Copy the lines below exactly, starting at the one with "Pilgrim Klaudia Earrings - Silver" and ending at the one with "Screenshot 7 дней! Тайна визуальный роман", and leave out any picture.
(PROVIDED RECORDS)
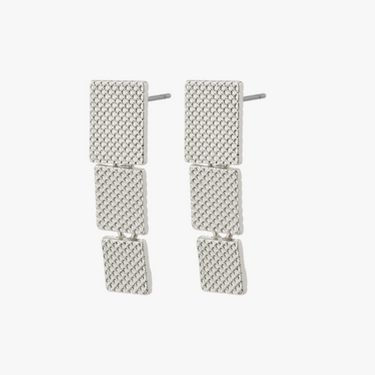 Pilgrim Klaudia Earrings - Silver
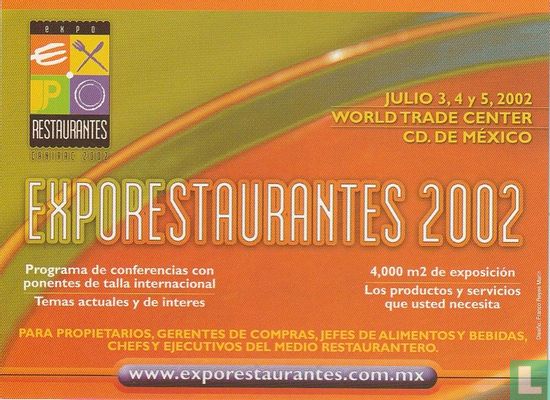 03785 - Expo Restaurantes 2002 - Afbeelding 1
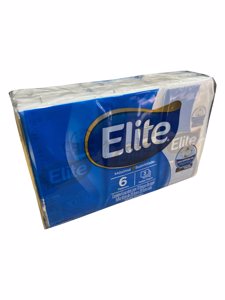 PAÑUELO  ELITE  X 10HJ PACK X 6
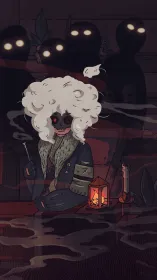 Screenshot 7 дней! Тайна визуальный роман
(End PROVIDED RECORDS)
(PROVIDED RECORDS)
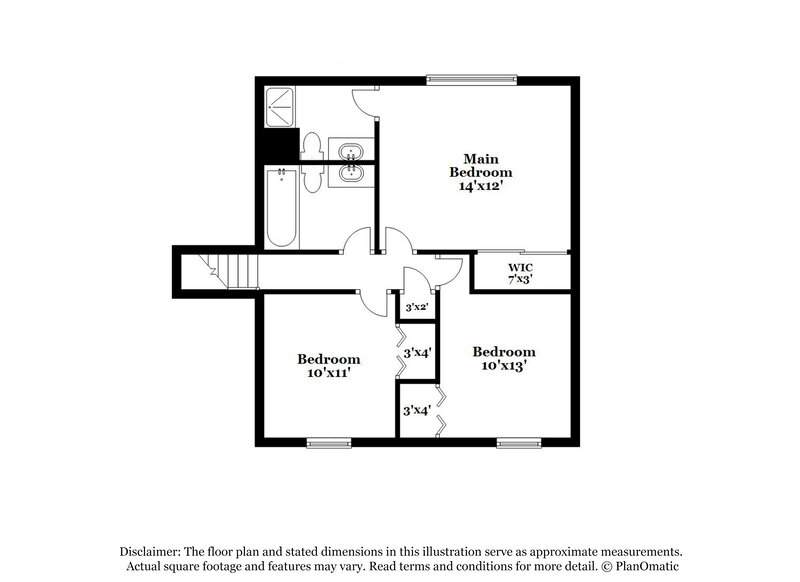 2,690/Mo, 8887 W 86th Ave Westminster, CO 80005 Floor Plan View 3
(End PROVIDED RECORDS)
-- PROBLEM SOLUTION --
 Pilgrim Klaudia Earrings - Silver
 03785 - Expo Restaurantes 2002 - Afbeelding 1
 PAÑUELO  ELITE  X 10HJ PACK X 6
 Screenshot 7 дней! Тайна визуальный роман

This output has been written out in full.